Without the images, print all the entries below exactly as given.

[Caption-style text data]
—————
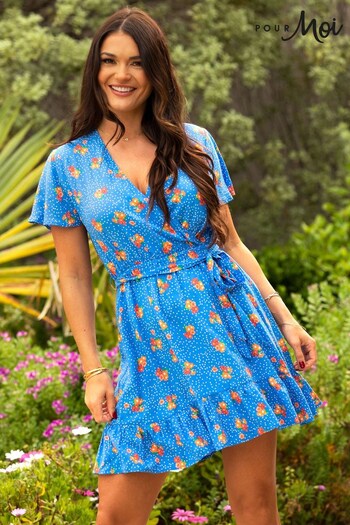 Pour Moi Blue Floral Woven Ecovero Tiered Wrap Dress (K54865) | £36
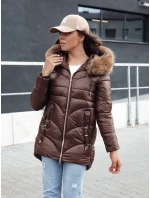 Dámská zimní bunda s kapucí hnědá Dstreet model 21979344 - FashionStreet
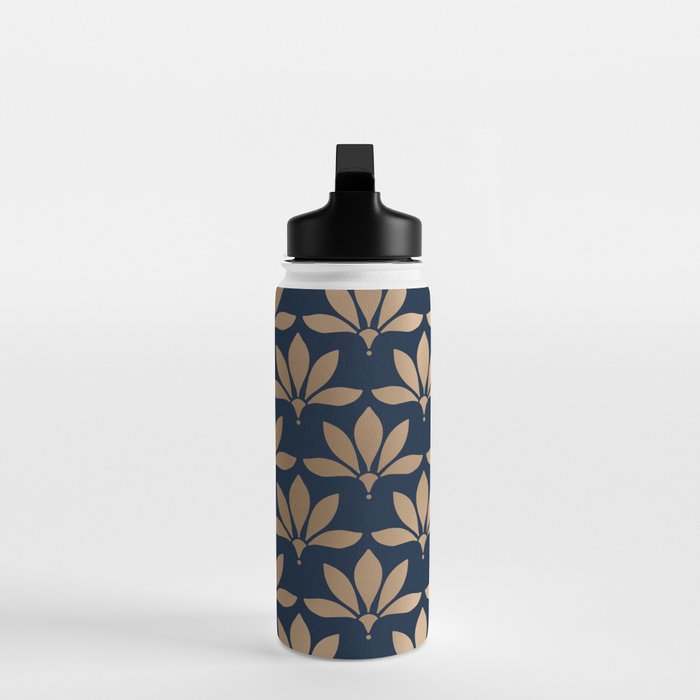 Gold and Navy Art Deco Leaf Design Water Bottle Gallery Image 3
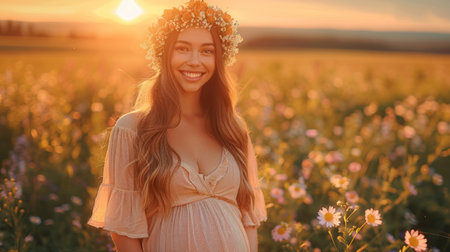 A pregnant woman stands in a field of wildflowers, bathed in the golden light of sunset, her smile radiating joy and contentment.の素材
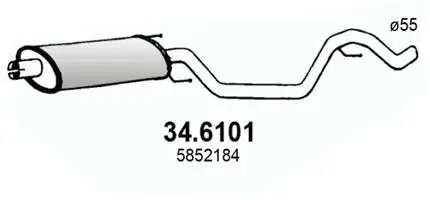 Mittelschalldämpfer ASSO 34.6101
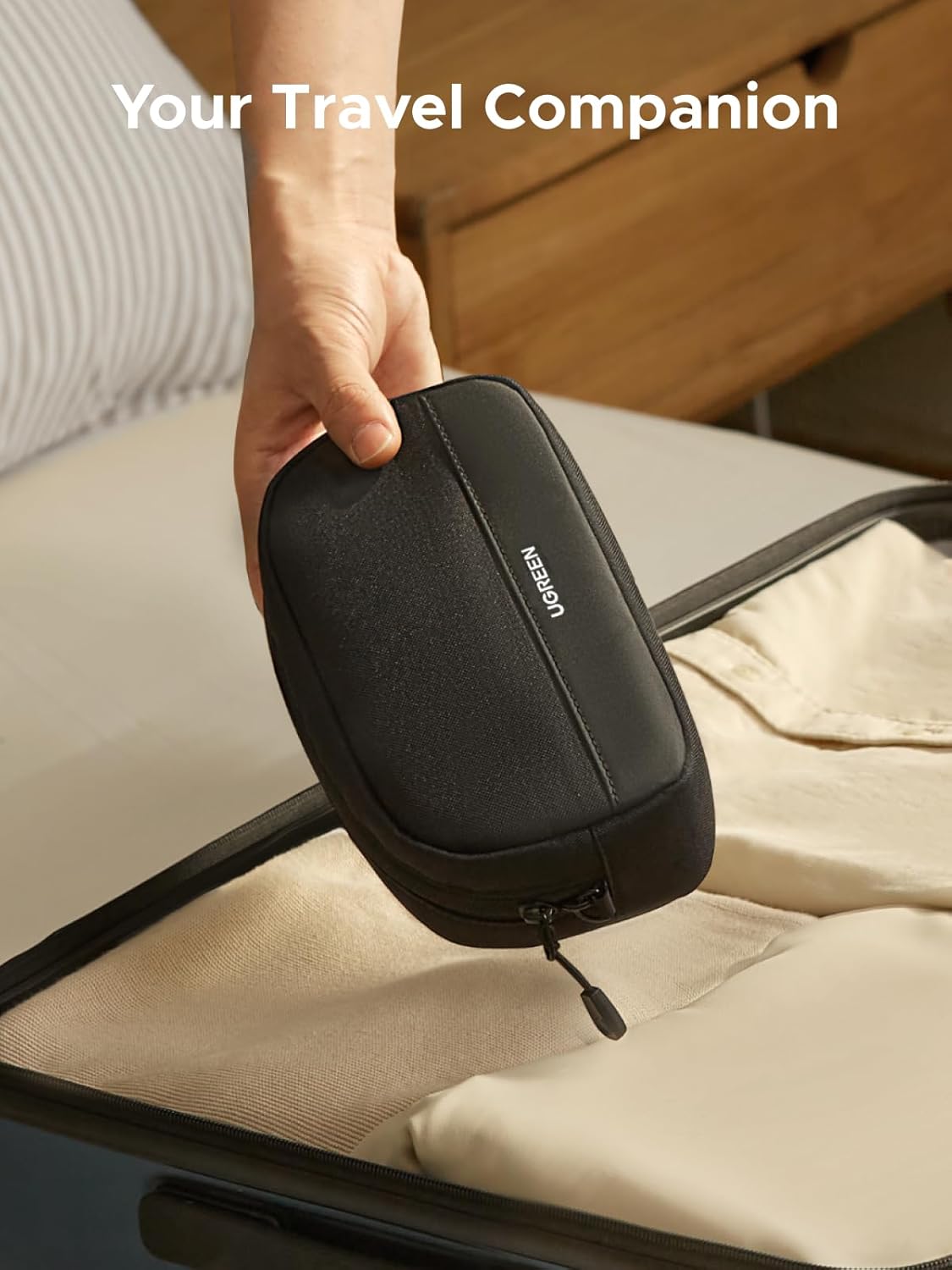 UGREEN Travel Case Electronics Organizer, Tech Pouch Portable Cable/Charger Case with YYK Zipper, Waterproof, Multi-Layer Compatible for Game Cards/Hard Drive, Lightweight and Compact, S - Image 6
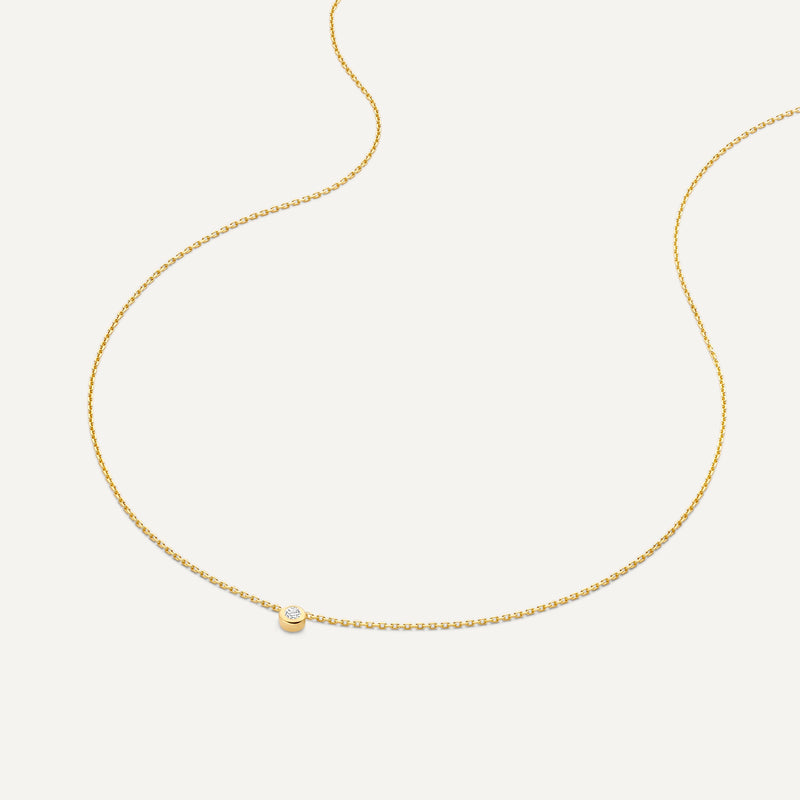 Bold Bezel Set Diamond Pendant Necklace (0.05 ct)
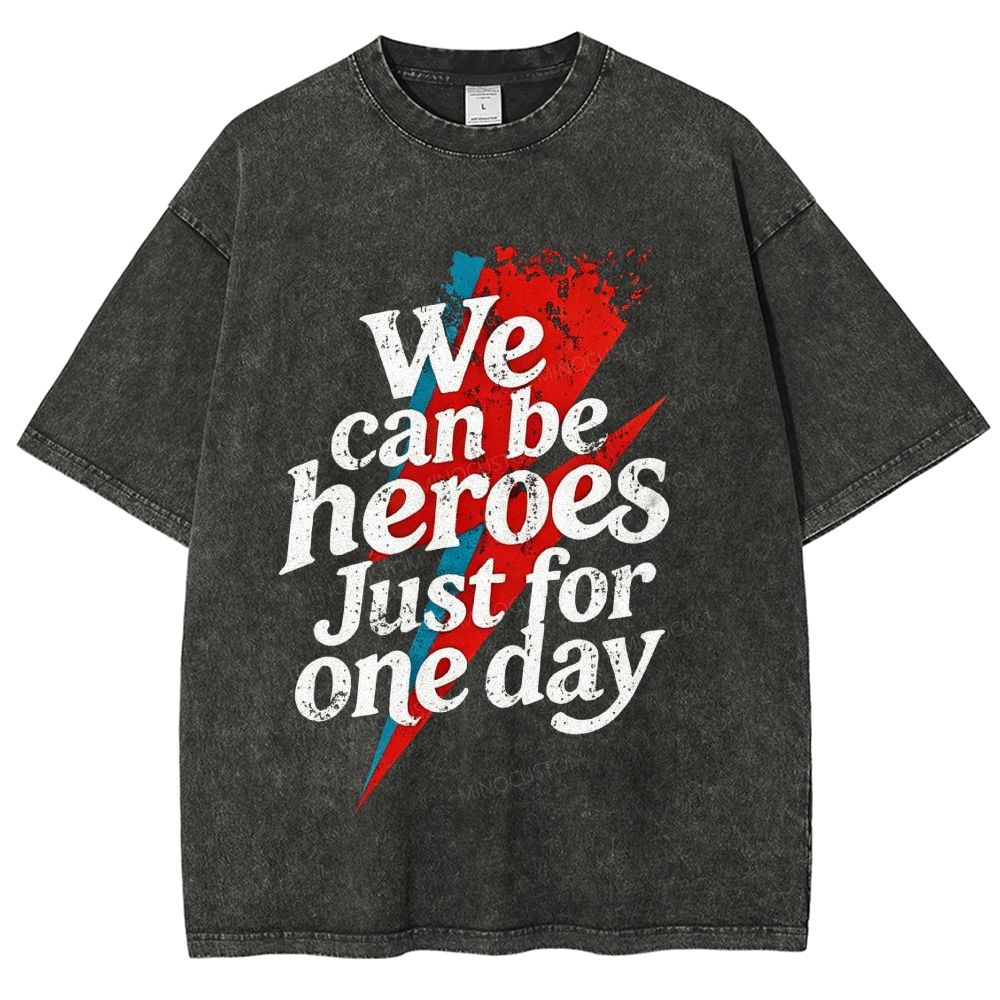 Vintage Lightning Bolt Quote Graphic Washed T-Shirt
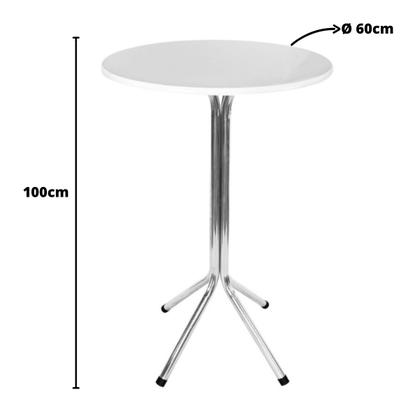 Imagem de Mesa Bistrô Alto Cromado com Tampo Redondo Branco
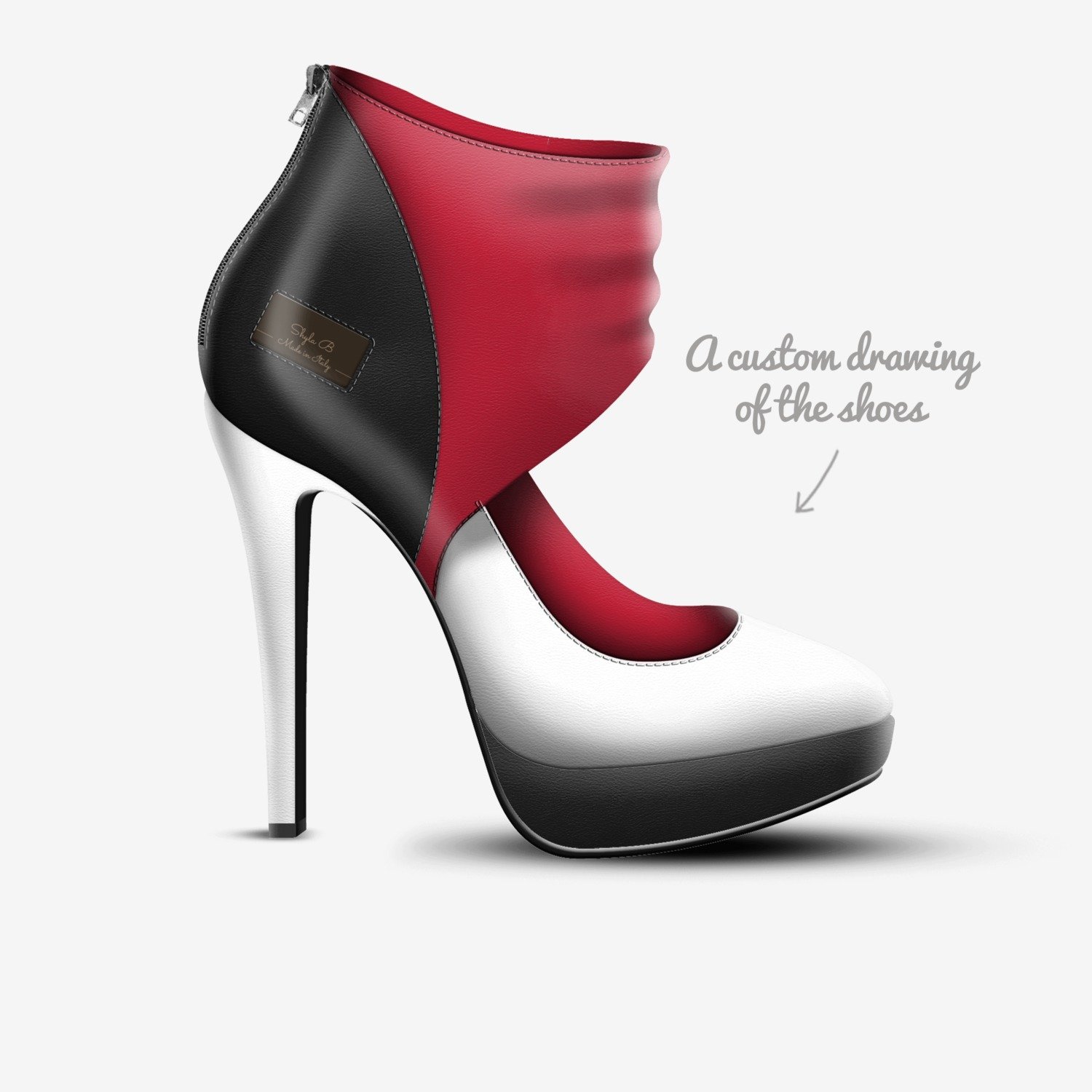 Shyla B custom made in Italy shoes by Shyla Chism | Sketch view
—————
_Reply to the exercise:_
 Pour Moi Blue Floral Woven Ecovero Tiered Wrap Dress (K54865) | £36
 Dámská zimní bunda s kapucí hnědá Dstreet model 21979344 - FashionStreet
 Gold and Navy Art Deco Leaf Design Water Bottle Gallery Image 3
 A pregnant woman stands in a field of wildflowers, bathed in the golden light of sunset, her smile radiating joy and contentment.の素材
 Mittelschalldämpfer ASSO 34.6101
 UGREEN Travel Case Electronics Organizer, Tech Pouch Portable Cable/Charger Case with YYK Zipper, Waterproof, Multi-Layer Compatible for Game Cards/Hard Drive, Lightweight and Compact, S - Image 6
 Bold Bezel Set Diamond Pendant Necklace (0.05 ct)
 Vintage Lightning Bolt Quote Graphic Washed T-Shirt
 Imagem de Mesa Bistrô Alto Cromado com Tampo Redondo Branco
 Shyla B custom made in Italy shoes by Shyla Chism | Sketch view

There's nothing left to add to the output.